America’s future depends on sustainable, environmentally-friendly communities that will be more rural/virtual than urban. Self-employed, home-based business could be the norm. Today, there are 22 million self-employed, home-based businesses. Tomorrow, it could be two or three times as many. To empower growth of highly-networked small businesses, a national broadband system is essential. From a Jobenomics perspective, building a national broadband system is the most important thing that government and big business can do for jobs creation. Today, 40% of American households have no broadband or high-speed access and 30% have no internet access at all—mostly in rural areas. While America has the largest total number of broadband subscribers, internationally the US ranks 15th per capita when adjusting for population size. A state-of-the-art national broadband system is tomorrow’s business superhighway. Just as the railroads opened the American West to commerce and Eisenhower’s interstate highway system facilitated explosive economic growth, a national broadband system will enable e-commerce and e-business between billions of people and organizations across the planet.

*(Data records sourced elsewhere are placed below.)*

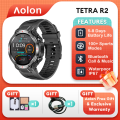 Aolon Smartwatch Tetra R2 49.5mm Exercise Duration/Heart Rate/Blood Pressure/Calories/Custom Wallpaper Men Sport Fitness 400mAh Battery Smart watch Bluetooth Call IP67 Waterproof jam tangan Pria. 
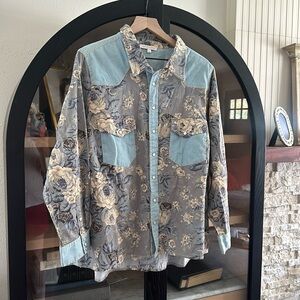 Anthropologie Love the Label Western Chambray Top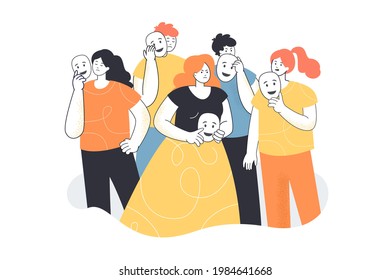 People faking emotions vector illustration. Depressed guys covering faces with masks. Personality, psycology, emotions concept for banner, website design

In conclusion, the highest percentage way to reverse America’s economic decline is to focus on business creation with emphasis on small, emerging and self-employed businesses. Jobenomics Community-Based Business Generator projects, like Jobenomics-Harlem, are designed to create 1,000 new small businesses per year per city. The Jobenomics Women-Owned Business initiative estimates that up to 7,000 new, predominantly home-based self-employed businesses could be created by the end of the decade. And, these are only two of the twelve proof-of-concept initiatives that the Jobenomics team is trying to implement. If America would implement a national small business initiative with initiatives of this nature, we could have an excellent shot at reversing our economic decline. It all starts with an achievable vision. President Kennedy focused American science and technology on getting to the moon in a decade. In comparison, the Jobenomics 20 million new private sector jobs by year 2020 (20 by 20) goal should be very achievable.